Estonia–Syria relations are the bilateral relations between Estonia and Syria. Both countries established diplomatic relations on 1993. Neither country has a resident ambassador. Syria has a non resident ambassador in Minsk.

==History==
The history of the bilateral relations between both countries originated when Estonia re-declared independence from the Soviet Union. (Note: Declared independence in 1918 and re-integrated with the Soviets in 1945.) The two countries established diplomatic relations on 19 May 1993.

===Syrian civil war===
Beginning in 2016, more than 200 refugees from Syria displaced by the Syrian civil war were granted asylum by Estonia. While the refugees and their descendants were there, they developed strong ties with Estonian locals.
==== Estonian Aid to Syria ====
On 30 March 2021, Estonian foreign minister Eva-Maria Liimets announced that Estonia would be allocating €1.3 Million to the humanitarian crisis in the Syrian civil war. Additionally, they gave 100,000 euros of aid to alleviate the humanitarian situation.

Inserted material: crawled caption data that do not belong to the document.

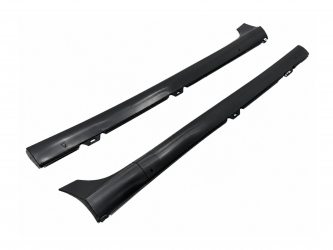 Накладки на пороги GTI R32 для Volkswagen Golf 5 2004-2008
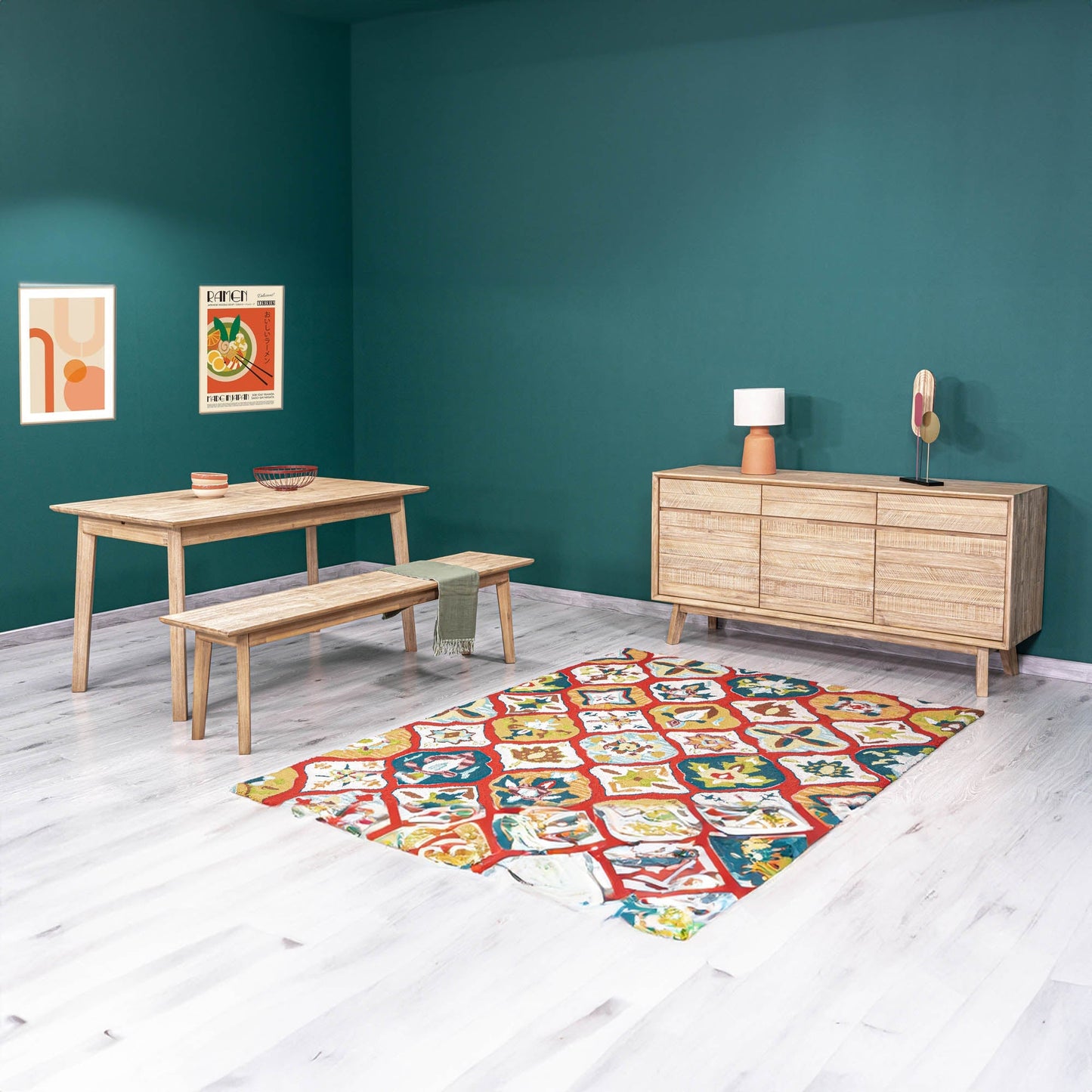 Gia Bench - Light Driftwood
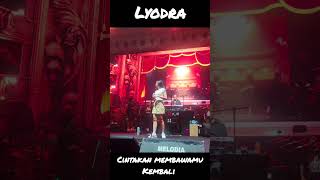 Lyodra - Cintakan Membawamu Kembali #konser #music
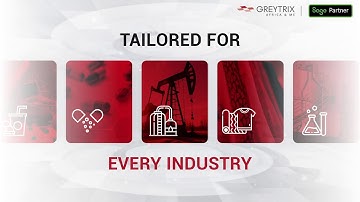 Sage X3 ERP Software for all Business Industries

===Post-Assad relations===
In December 2024, there were 72 Syrian citizens in Estonia with valid international protection status. Estonian Foreign Minister Margus Tsahkna said that Estonia does not plan to extend temporary protection for Syrian war refugees. In 2025, Estonia protected remaining refugees who have not yet returned to Syria. They would be protected until they return to Syria.